Top of MATERIAL FOR THIS EXERCISE
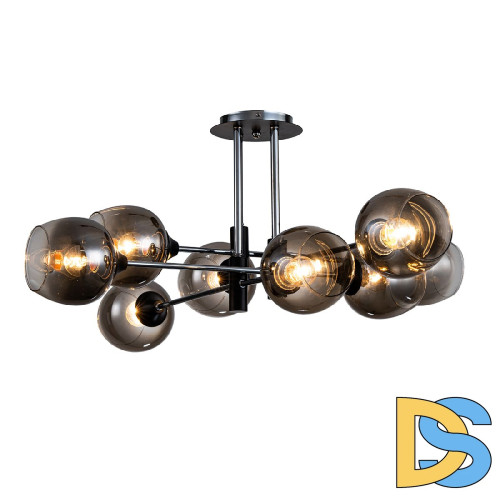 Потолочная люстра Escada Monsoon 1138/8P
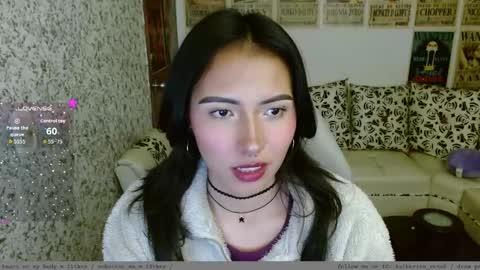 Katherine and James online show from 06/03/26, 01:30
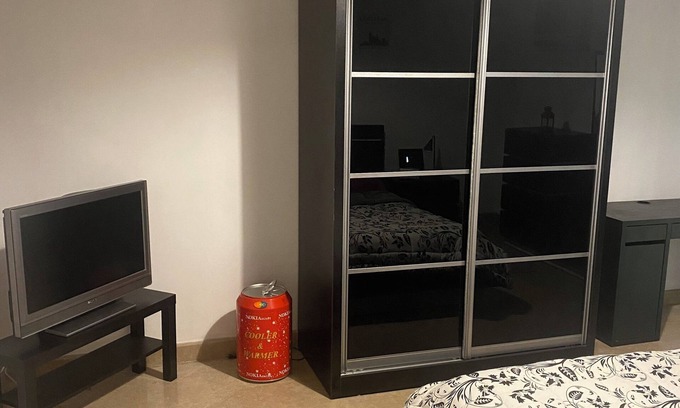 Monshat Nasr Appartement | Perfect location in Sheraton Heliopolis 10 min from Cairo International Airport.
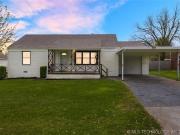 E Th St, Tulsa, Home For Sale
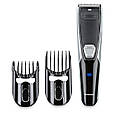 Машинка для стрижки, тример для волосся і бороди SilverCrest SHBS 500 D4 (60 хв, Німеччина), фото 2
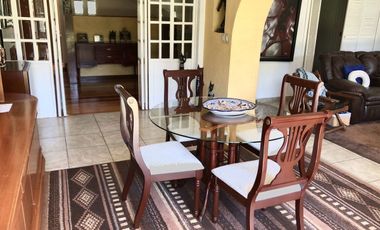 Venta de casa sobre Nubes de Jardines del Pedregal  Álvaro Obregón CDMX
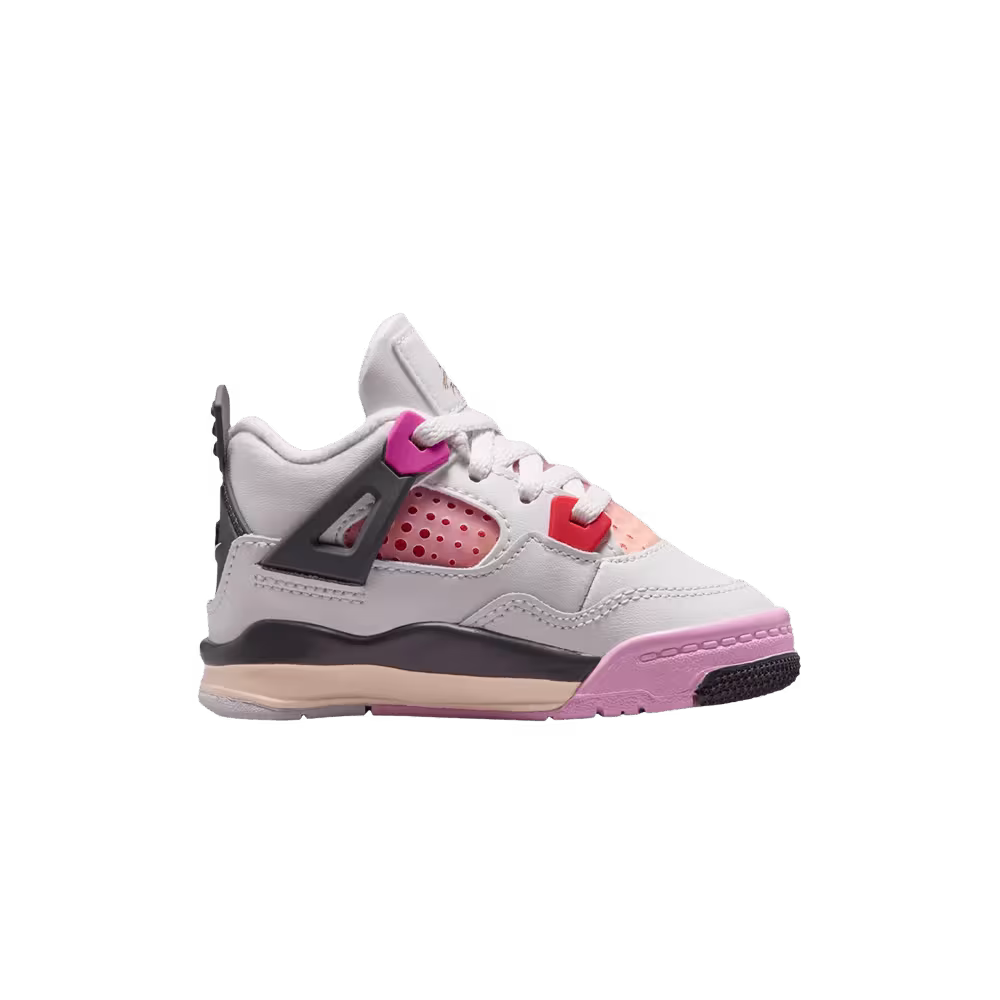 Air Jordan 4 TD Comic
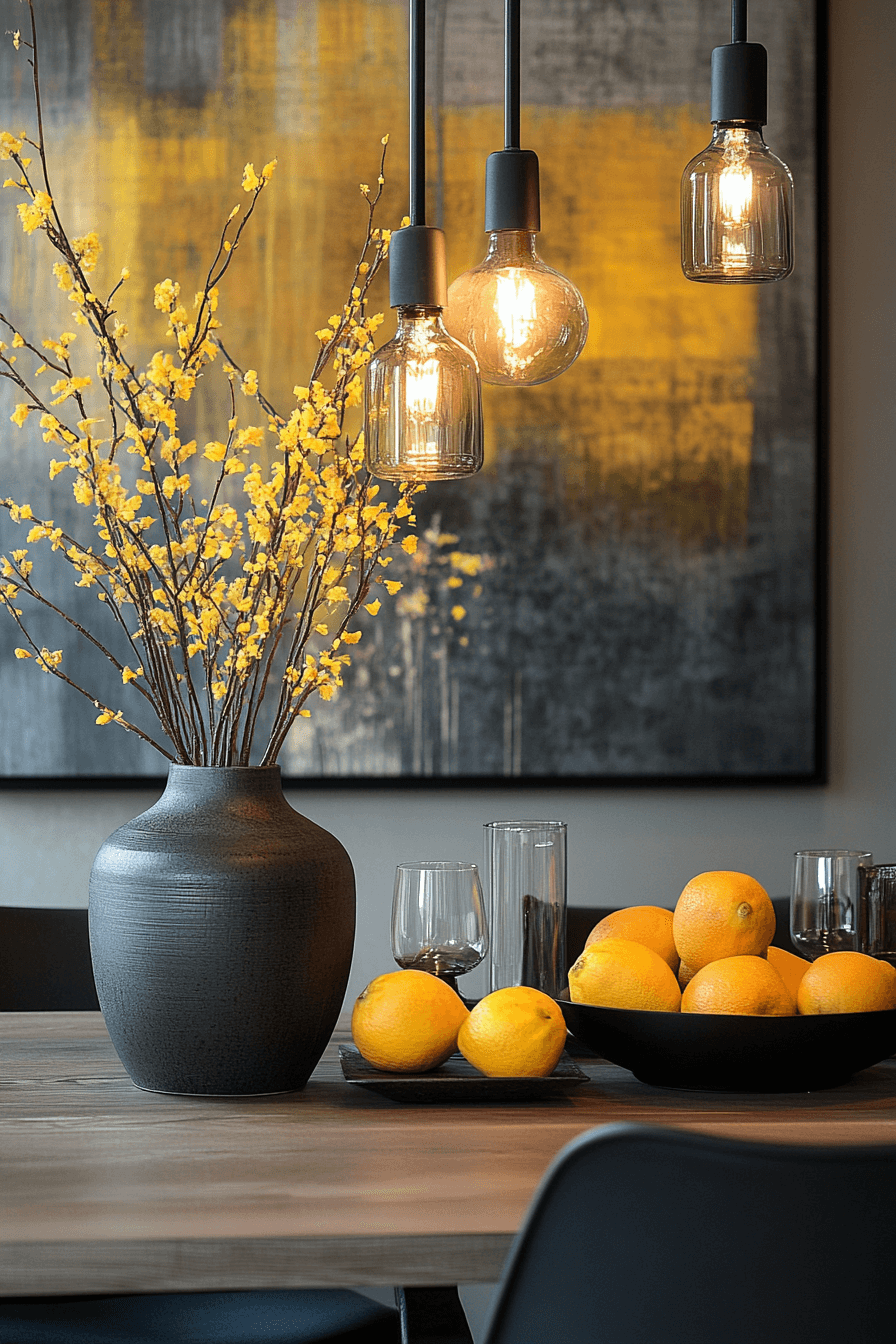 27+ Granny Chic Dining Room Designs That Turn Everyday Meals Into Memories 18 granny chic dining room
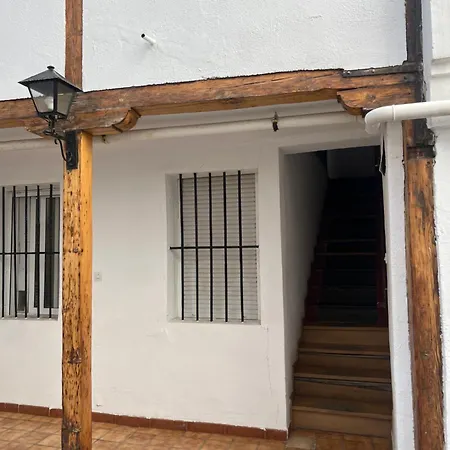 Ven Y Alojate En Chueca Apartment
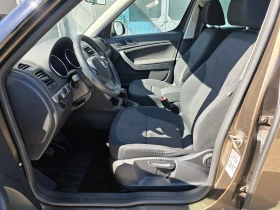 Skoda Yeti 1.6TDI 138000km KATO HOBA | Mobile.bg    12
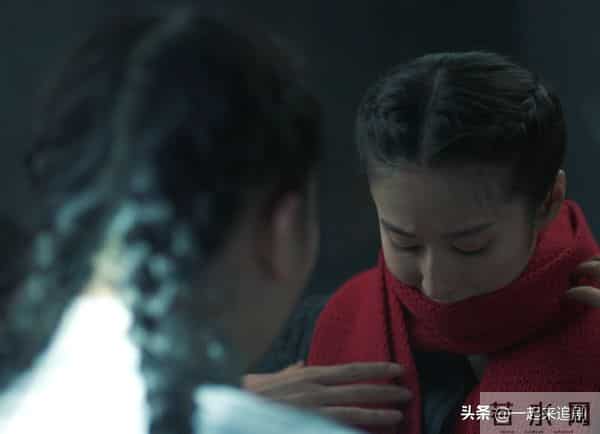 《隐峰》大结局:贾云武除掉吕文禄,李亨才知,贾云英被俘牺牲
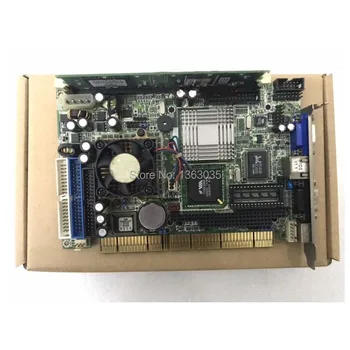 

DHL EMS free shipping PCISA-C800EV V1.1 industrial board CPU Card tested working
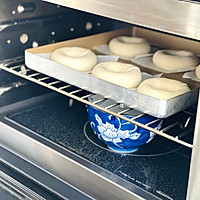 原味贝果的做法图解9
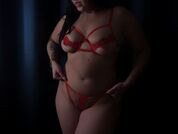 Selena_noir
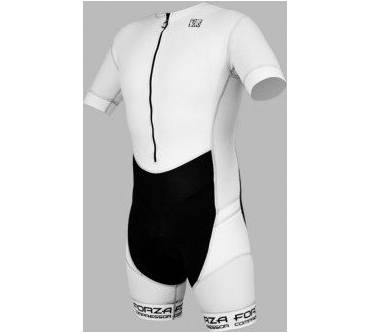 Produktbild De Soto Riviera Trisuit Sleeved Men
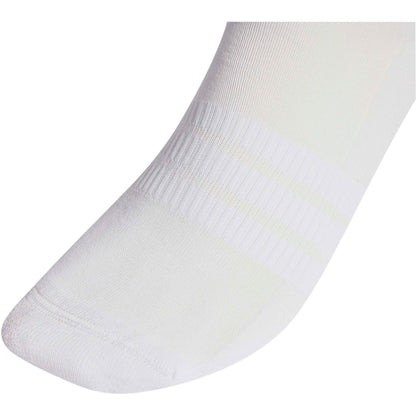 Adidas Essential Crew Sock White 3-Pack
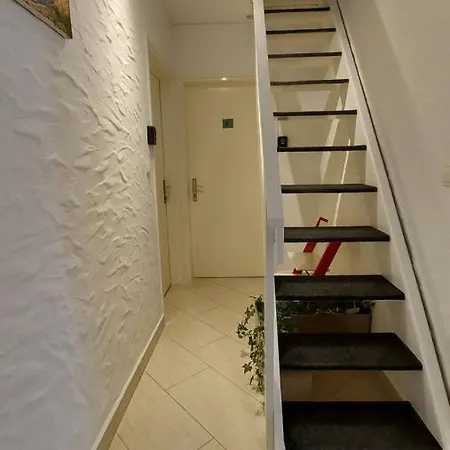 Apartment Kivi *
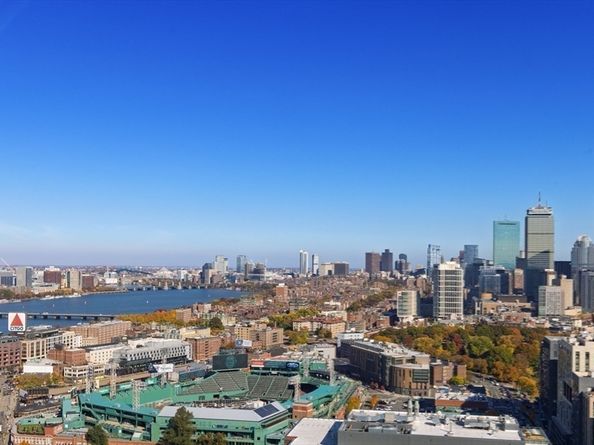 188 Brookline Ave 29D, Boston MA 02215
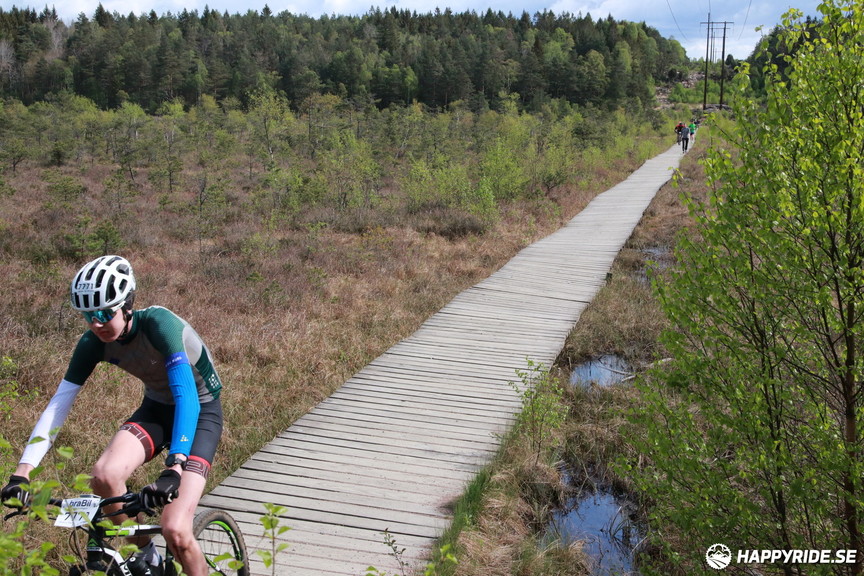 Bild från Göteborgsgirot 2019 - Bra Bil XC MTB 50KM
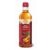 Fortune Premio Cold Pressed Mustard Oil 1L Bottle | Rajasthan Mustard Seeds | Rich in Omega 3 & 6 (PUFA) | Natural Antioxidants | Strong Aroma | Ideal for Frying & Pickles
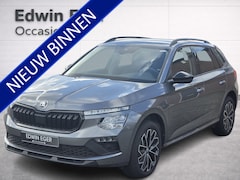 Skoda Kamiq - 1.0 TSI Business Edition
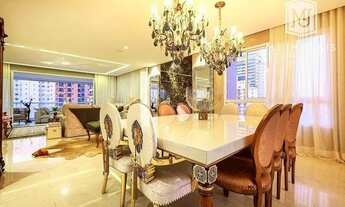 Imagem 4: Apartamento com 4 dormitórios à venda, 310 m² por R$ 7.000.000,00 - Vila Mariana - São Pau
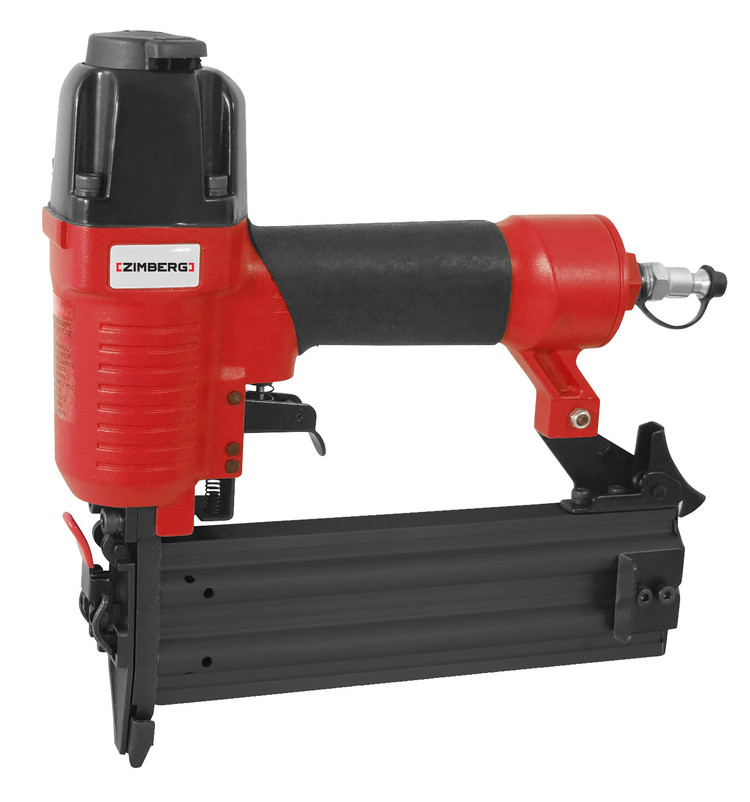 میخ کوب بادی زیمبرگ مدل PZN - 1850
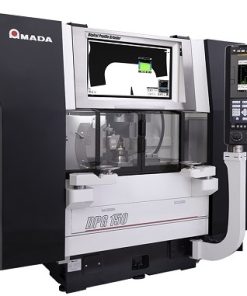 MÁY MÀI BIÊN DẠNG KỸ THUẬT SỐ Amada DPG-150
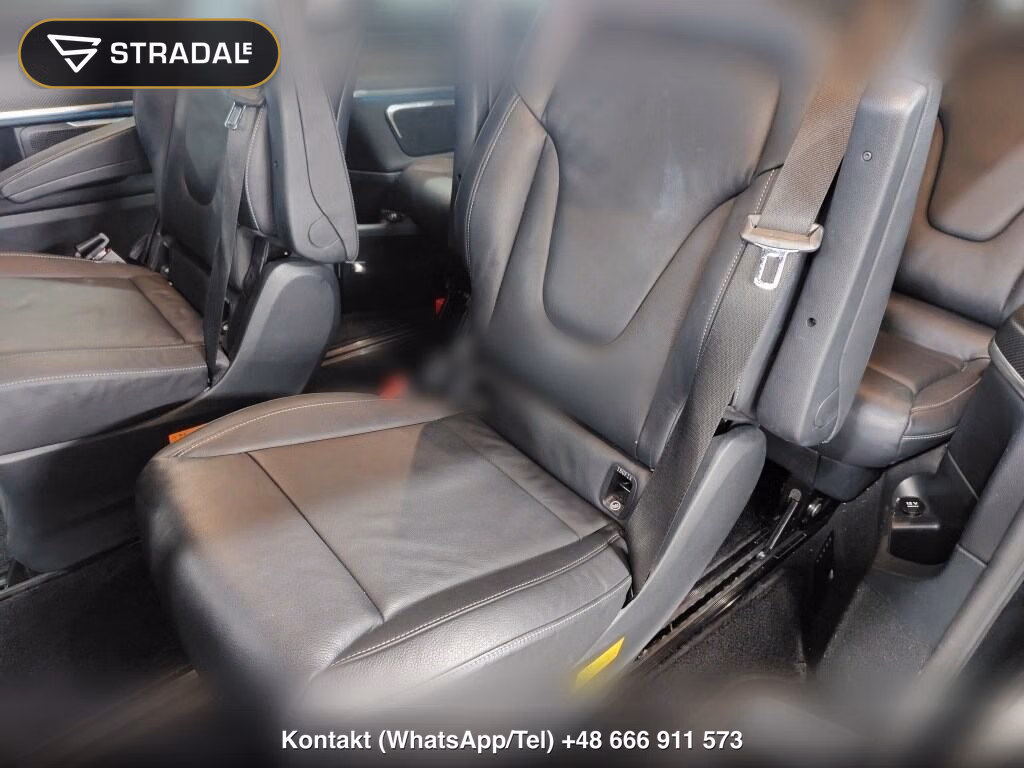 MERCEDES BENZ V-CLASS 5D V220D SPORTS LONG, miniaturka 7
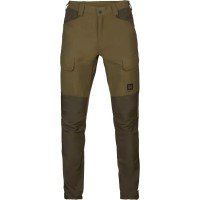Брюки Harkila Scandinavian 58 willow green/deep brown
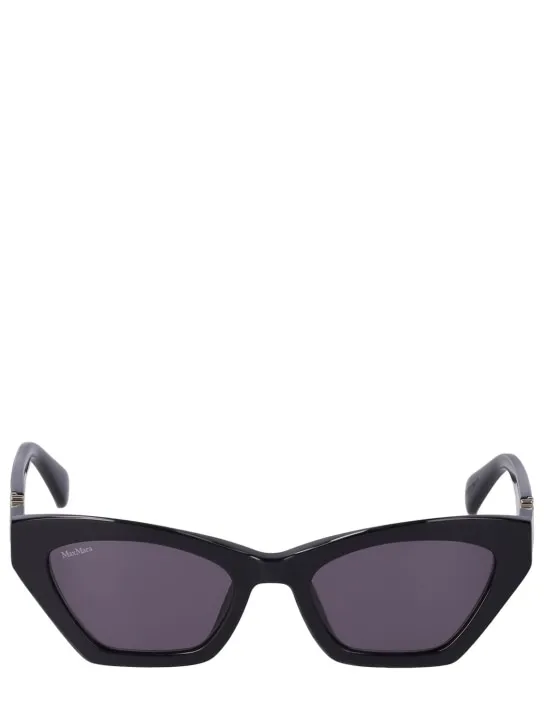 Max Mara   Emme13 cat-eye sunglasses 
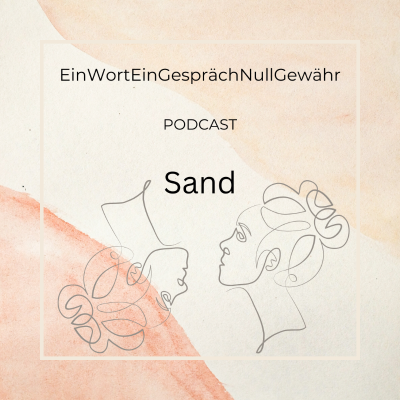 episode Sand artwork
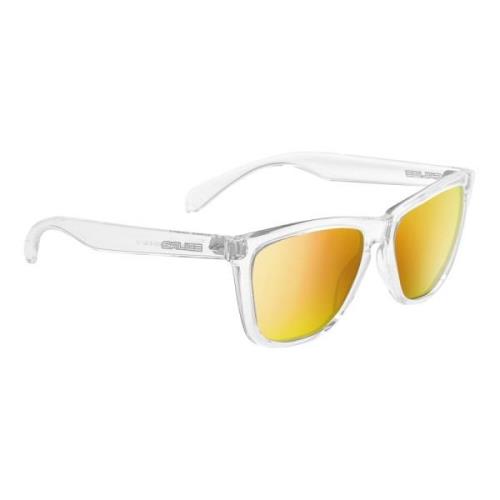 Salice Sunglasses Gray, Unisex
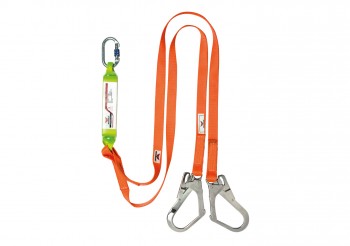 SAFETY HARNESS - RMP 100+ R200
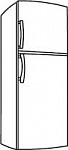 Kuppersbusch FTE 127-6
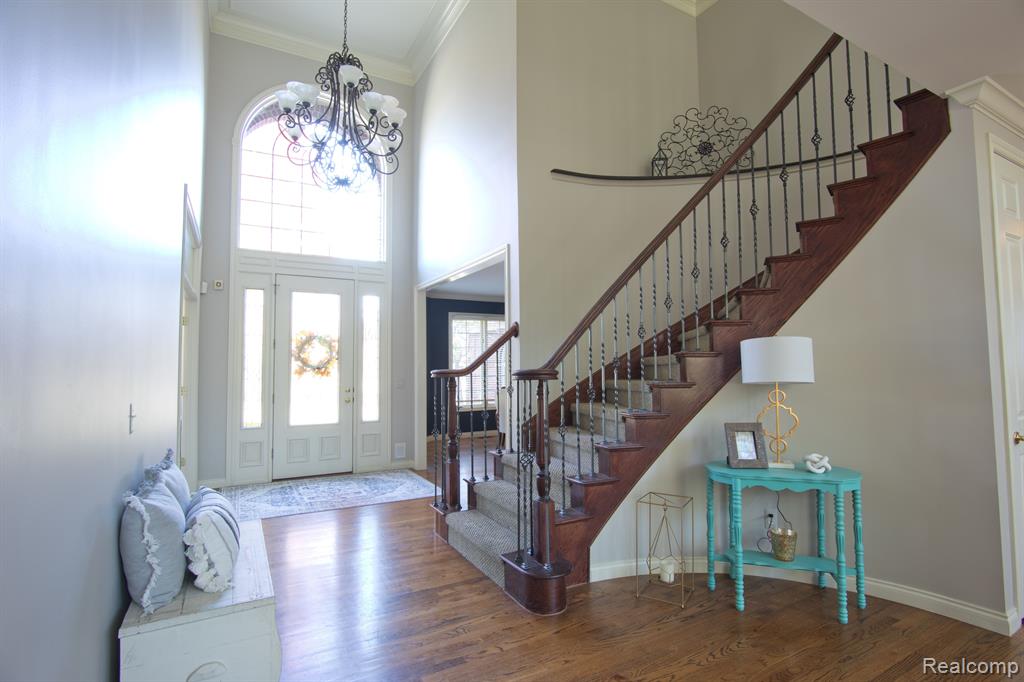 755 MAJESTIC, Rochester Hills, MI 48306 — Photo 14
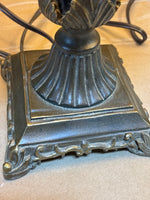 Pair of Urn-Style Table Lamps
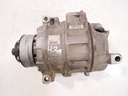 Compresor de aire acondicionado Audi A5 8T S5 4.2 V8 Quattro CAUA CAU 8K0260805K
Bottom of MATERIAL FOR THIS EXERCISE
▸ TASK TO COMPLETE
Quote word for word only the lines above from the one containing "Skoda Kamiq - 1.0 TSI Business Edition" through the one containing "Брюки Harkila Scandinavian". Pictures stay out of your copy.

▸ WRITTEN RESPONSE
 Skoda Kamiq - 1.0 TSI Business Edition
 Imagem 4: Apartamento com 4 dormitórios à venda, 310 m² por R$ 7.000.000,00 - Vila Mariana - São Pau
 میخ کوب بادی زیمبرگ مدل PZN - 1850
 MÁY MÀI BIÊN DẠNG KỸ THUẬT SỐ Amada DPG-150
 MERCEDES BENZ V-CLASS 5D V220D SPORTS LONG, miniaturka 7
Брюки Harkila Scandinavian 58 willow green/deep brown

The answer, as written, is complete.